The task: Repeat the entries below exactly and in full.

Information given:
=== Section Start ===

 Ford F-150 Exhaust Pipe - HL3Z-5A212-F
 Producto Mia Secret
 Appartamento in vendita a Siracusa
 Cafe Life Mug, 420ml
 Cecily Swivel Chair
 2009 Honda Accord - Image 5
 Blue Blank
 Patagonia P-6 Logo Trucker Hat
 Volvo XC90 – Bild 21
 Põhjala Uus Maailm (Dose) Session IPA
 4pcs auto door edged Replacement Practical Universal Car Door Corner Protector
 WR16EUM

=== Section End ===

Response:
 Ford F-150 Exhaust Pipe - HL3Z-5A212-F
 Producto Mia Secret
 Appartamento in vendita a Siracusa
 Cafe Life Mug, 420ml
 Cecily Swivel Chair
 2009 Honda Accord - Image 5
 Blue Blank
 Patagonia P-6 Logo Trucker Hat
 Volvo XC90 – Bild 21
 Põhjala Uus Maailm (Dose) Session IPA
 4pcs auto door edged Replacement Practical Universal Car Door Corner Protector
 WR16EUM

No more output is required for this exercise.